Underlining this timeline is that real people, bodies, and communities have been deeply harmed by past research. Principles are established and codified in policy and regulation to try and avoid (or at least mitigate) future harm. As seen with the invocations of Tuskegee and Henrietta Lacks in the timeline above, narratives of individuals and communities are woven into the creation (and/or justification) of these policies and procedures.
Reading between the timelines
And while this is the common historical record of research regulations, and a minimal baseline to understand today’s procedural ethics, it’s still really just the tip of the iceberg. I’m in the middle of educating myself on even more recent history of the human genomics research enterprise (we’re talking 1990’s – not deep history here) from Jenny Reardon’s The Postgenomic Condition. The Human Genome Project was marked by fast, furious, and radically open deposition and sharing of human genome sequence (another set of principles here – the Bermuda Principles).
Once the reference genome sequence was available (a consensus sequence from ~20 anonymous donors), the research community moved on to looking at the genomes of thousands of research participants, in combination with clinical and other non-genetic, personal information. In contrast with Bermuda, these types of data are typically not posted publicly but instead require applications to controlled-access repositories, with agreements to abide by narrower use restrictions (e.g., a participant may have only consented to research related to heart disease).
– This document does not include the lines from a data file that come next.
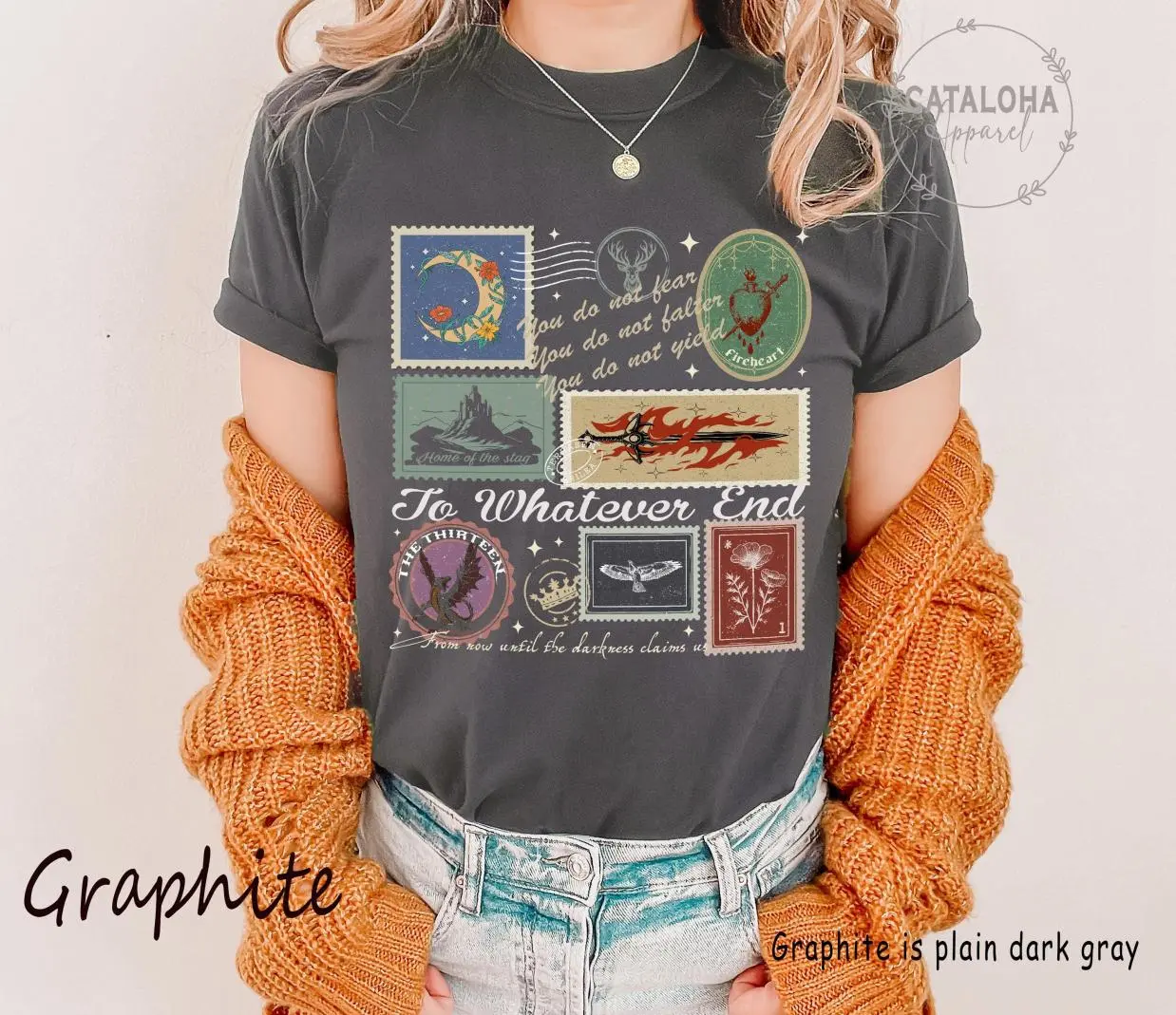 TOG shirt, Comfort Colors Throne of Glass T-Shirt, You do not yield, To whatever end shirt, The thirteen tshirt, Fireheart Terrasen Aelin, Fun Graphics, Easy to Wear, Just Throw It On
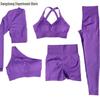 RYGZ Seamless Peach Fitness Sportswear Set: Quick-Drying, Breathable Yoga Bra & Outerwear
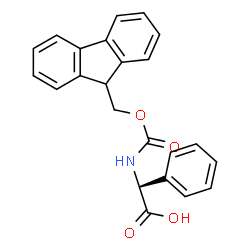 ChemSpider 2D Image | Fmoc-Phg-OH | C23H19NO4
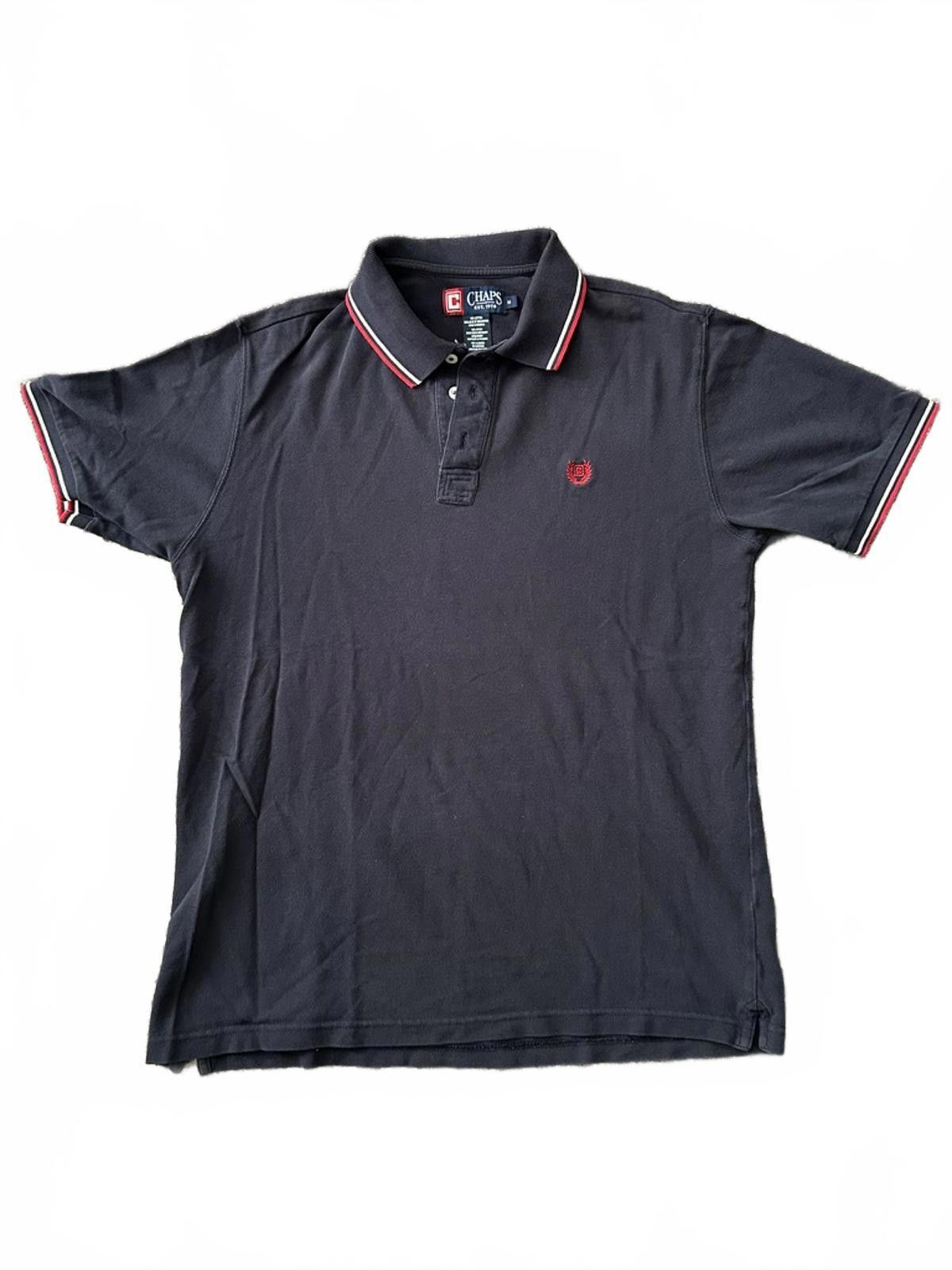 Chaps Chaps Black Polo Shirt with Red and White Trim, Medium Size US M / EU 48-50 / 2 - 1 Thumbnail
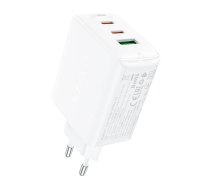 Acefast A41 wall charger, 2x USB-C + USB, GaN 65W (white) | A41 white  | 6974316281764 | 043276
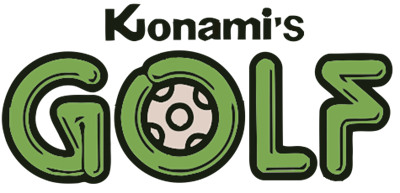 Konami's Golf - Clear Logo Image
Starting the large-scale study of the human genome with an intense ethos of openness and then moving to controlled-access models may have bound us into an ideological pretzel, and could partly underlie the annoyance researchers feel at the regulatory hurdles to share and access genomic data. Even though I was fully aware of these two sides of the genomic data sharing coin, I have never thought about them in tandem until reading Reardon’s text.
Ultimately, procedural ethics is a reality of conducting research. Innervating procedural ethics with deep historical understanding is necessary, though perhaps not sufficient, to keeping those founding principles and cautionary tales alive and well in our minds. And as I’m learning through Reardon’s text, it’s not just the common timeline of research ethics that we must be aware of, but we must also understand the subtler, lesser known stories and connections among them.